Welcome back to Whitechapel. Two and a half hours ago, Thomas Bowyer made a terrible discovery when collecting rent. At Miller's Court, when there was no answer at the door, he looked through the window and saw the bloody body of a woman. The police were fetched, then a doctor, and all have been standing around awaiting the head of police to deploy blood hounds. Superintendent Thomas Arnold arrives and announces that the bloodhounds are not coming. Their boss has resigned.

This is where they stand, outside the room of Mary Jane Kelly.

1.40pm

Arnold orders there to be no more delay, and that the door should be opened immediately. The door is locked. Landlord John McCarthy arms himself with a pickaxe and strikes a blow, smashing the door open. McCarthy steps aside, and allows Dr. Phillips to come forward. He pushes the door back and it bangs against the table.

The room is sparse. Opposite the door is a fireplace. To the left, the broken window; and, to the right, the table and bed. A painting called "The Fisherman's Widow" hangs over the mantlepiece. A cupboard is in the corner. At the foot of the bed there is a chair upon which lie folded clothes. A woman's body is sprawled on the bed.

The body has a thin chemise. The head is turned, facing people entering the room. A deliberate gesture by the killer perhaps? The right arm lies across the body with the right hand in the abdomen. The legs are spread apart. The nature of the wounds is so extreme, it is hard to comprehend. The woman has been butchered horrifically. Her body has not just been "ripped", but stripped of its flesh. Her face and the lower part of her body are barely human. Parts of the poor girl are on the table, by her head, between her feet. It is the most gruesome scene imaginable. The security offered by the room has apparently allowed the full expression of the killer's desires. All the efforts to put more police on the street, and to improve street lighting, were completely in vain.

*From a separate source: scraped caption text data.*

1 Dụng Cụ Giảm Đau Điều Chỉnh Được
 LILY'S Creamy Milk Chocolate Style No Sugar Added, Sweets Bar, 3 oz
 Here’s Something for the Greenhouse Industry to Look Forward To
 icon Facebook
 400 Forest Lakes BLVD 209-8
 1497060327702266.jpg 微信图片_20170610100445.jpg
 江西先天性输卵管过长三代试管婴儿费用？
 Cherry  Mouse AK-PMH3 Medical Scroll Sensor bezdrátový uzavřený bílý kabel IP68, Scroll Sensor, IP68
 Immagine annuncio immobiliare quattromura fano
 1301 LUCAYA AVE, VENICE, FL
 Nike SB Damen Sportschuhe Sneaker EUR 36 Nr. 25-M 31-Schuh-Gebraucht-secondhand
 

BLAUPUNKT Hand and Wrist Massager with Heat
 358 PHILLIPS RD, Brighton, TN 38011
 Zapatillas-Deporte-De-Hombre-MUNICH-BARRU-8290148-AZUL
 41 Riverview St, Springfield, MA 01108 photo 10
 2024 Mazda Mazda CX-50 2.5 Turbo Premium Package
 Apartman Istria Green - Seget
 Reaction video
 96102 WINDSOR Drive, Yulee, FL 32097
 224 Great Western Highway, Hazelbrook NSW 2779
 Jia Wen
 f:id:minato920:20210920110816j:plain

All the efforts to put more police on the street, and to improve street lighting, were completely in vain. Police search the room for clues, but the scene is such a mess than a proper investigation is difficult. Insp Abberline takes an inventory of the room's contents. He notes that a fire has burned in the grate. Taking a closer look at the remains, the policeman finds part of a hat brim was in the grate. Why would someone burn a hat? Perhaps the killer was exhausting fuel in an attempt to illuminate his terrible deeds. Could it be his own hat? It must have been quite a decent fire, because a near-by kettle has a melted spout and handle. The ashes are still warm.

The doctor examines the body. Much of the flesh and organs have been removed and placed around the room, or under the body. With so much time, the killer has performed a dissection. His cutting of muscle, bone and skin suggesting a sick fascination. Although scattered, the organs seem accounted for – with one exception. The victim's heart is not in the room.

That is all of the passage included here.